After the establishment of the Kingdom of Greece in 1832, the new king, Otto, added the royal Coat of Arms (a shield in his ancestral Bavarian pattern topped by a crown) in the centre of the cross for military flags (both land and sea versions). The decree dated 4 (16) April 1833 provided for various maritime flags such as the war flag or naval ensign (set at 18:25), pennant, royal standard (set at 7:10) and civil ensign (i.e. the naval ensign without coat of arms). A royal decree dated 28 August 1858 provided for details on the construction and dimensions concerning the flags described in the 1833 decree and other flags. After Otto's abdication in 1862, the royal coat of arms was removed.

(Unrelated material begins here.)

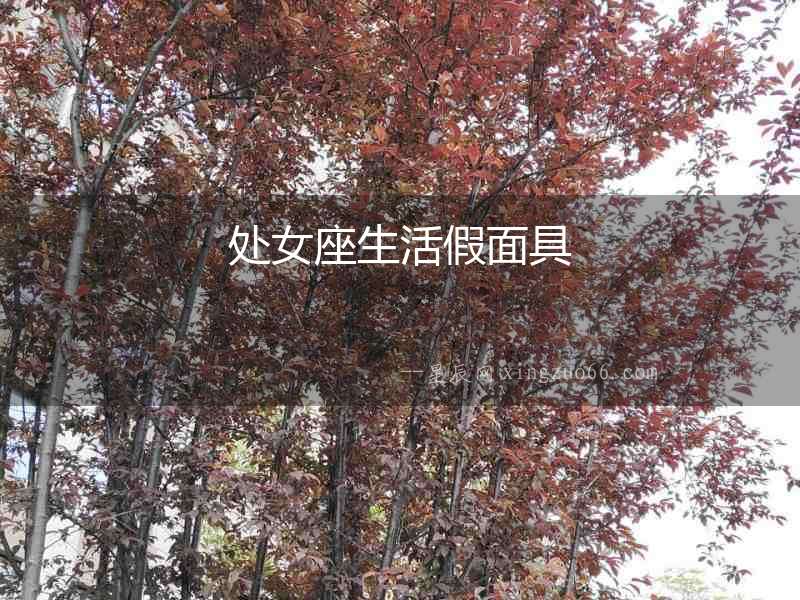 處女座生活假面具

In 1863, the 17-year old Danish prince William was selected as Greece's new king, taking on the name George I. A royal decree dated 28 December 1863 introduced crowns into the various flags in place of the coat of arms. Similar arrangements were made for the royal flags, which featured the coat of arms of the House of Schleswig-Holstein-Sonderburg-Glücksburg on a square version of the national flag. A square version of the land flag with St. George in the centre was adopted on 9 April 1864 as the Army's colours. The exact shape and usage of the flags was determined by Royal Decree on 26 September 1867. By a new Royal Decree, on 31 May 1914, the various flags of Greece and its military were further regulated. By this decree, the flag with the crown was adopted for use as a state flag by ministries, embassies and civil services, while the sea flag (without the crown) was allowed for use by private citizens.

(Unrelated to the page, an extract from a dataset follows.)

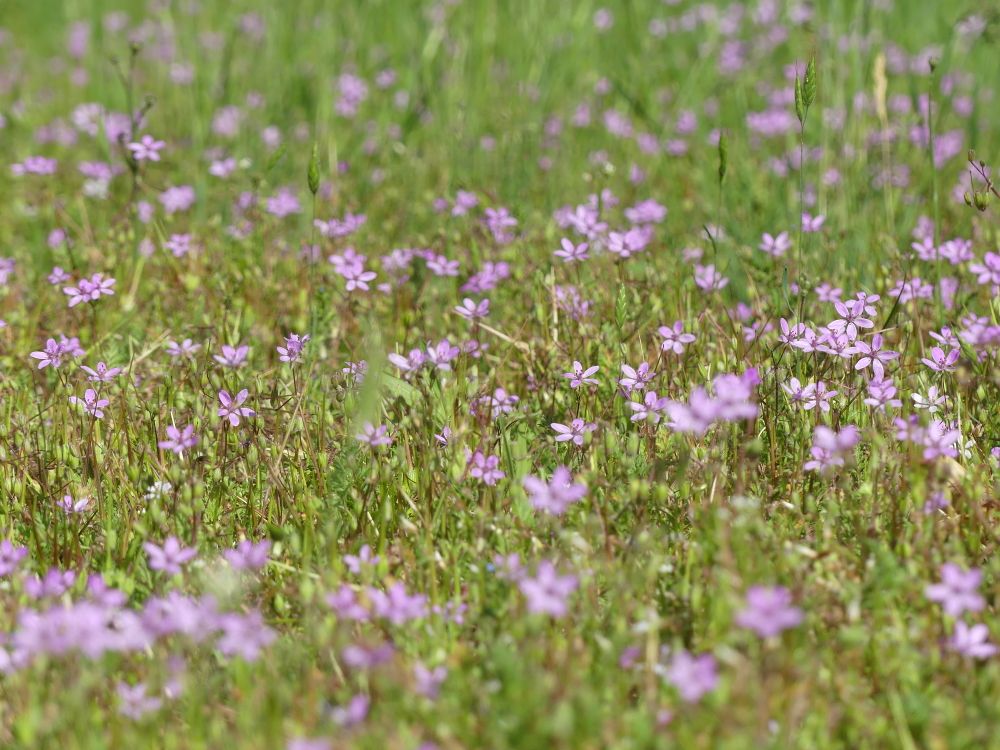 A Field of Purple Flowers · Free Stock Photo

On 25 March 1924, with the establishment of the Second Hellenic Republic, the crowns were removed from all flags. On 20 February 1930, the national flag's proportions were established at a 2:3 ratio, with the arms of the cross being "one fifth of the flag's width". The land version of the national flag was to be used by ministries, embassies, and in general by all civil and military services, while the sea flag was to be used by naval and merchant vessels, consulates and private citizens. On 10 October 1935, Georgios Kondylis declared that the monarchy had been restored. By decree of 7 November 1935, the 31 May 1914 decree was restored. Thereby, the crown was restored on the various flags. Compulsory Law 447 of 1937 described two types of flags allowed for use by private individuals: a fortress-type and a navy-type flag, both identical to the national land and sea flags, but without the crown.

Military dictatorship (1967-1974) 
The legal provisions went unaltered for a relatively long period of time. In 1967, a new Compulsory Law (198) regulated the declaration of regional flag days, but did not alter the flag. In 1969, however, the sea flag was established as the sole national flag and on 18 August 1970, the flag ratio was changed to 7:12. Flags flying in ministries, embassies and public buildings had the crown in the centre of the cross until the official abolition of the monarchy on 1 June 1973 and the use of the crown was officially discontinued on July 16.

After the restoration of democracy, Law 48/1975 and Presidential Decree 515/1975, which entered into effect on 7 June 1975, reversed the situation and designated the former "land flag" as the sole flag of Greece, to be used even at sea. The situation was once again reversed in 1978, when the sea flag once again became the sole flag of Greece and all previous provisions were abolished

Theories regarding the blue and white colours 

Several Greek researchers have attempted to establish a continuity of usage and significance of the blue and white colours, throughout Greek history.

Usages cited include the pattern of blue and white formations included on the shield of Achilles, the apparent connection of blue with goddess Athena, some of Alexander the Great's army banners, possible blue and white flags used during Byzantine times, supposed coats of arms of imperial dynasties and noble families, uniforms, emperors' clothes, patriarchs' thrones etc., 15th century versions of the Byzantine Imperial Emblems  and, of course, cases of usage during the Ottoman rule and the Greek revolution.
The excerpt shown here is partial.